§ TASK REQUIREMENTS
In the copy, keep every line below as it is and leave out the pictures.

§ DATASET EXCERPT
+--
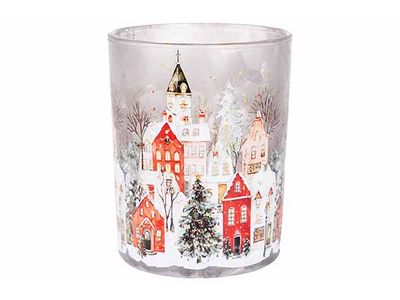 Theelichthouder Winter Village Rood Wit 10x10xh12,5cm Rond Glas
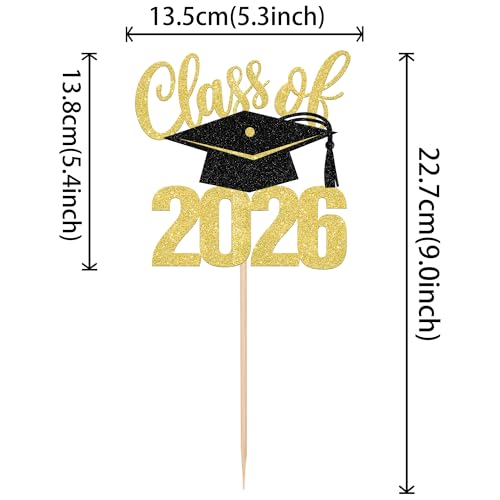 Class of 2026 Graduation Cake Topper - Glitter Grad Cap & Diploma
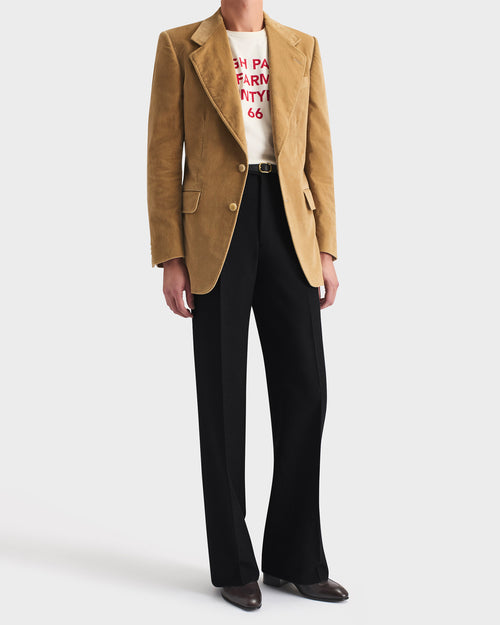 WIDE HIGH-WAISTED TROUSERS IN 3-PLY WOOL FRESCO - BLACK - Husbands Paris - 4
+--
§ ANSWER BELOW
 Theelichthouder Winter Village Rood Wit 10x10xh12,5cm Rond Glas
 Class of 2026 Graduation Cake Topper - Glitter Grad Cap & Diploma
 WIDE HIGH-WAISTED TROUSERS IN 3-PLY WOOL FRESCO - BLACK - Husbands Paris - 4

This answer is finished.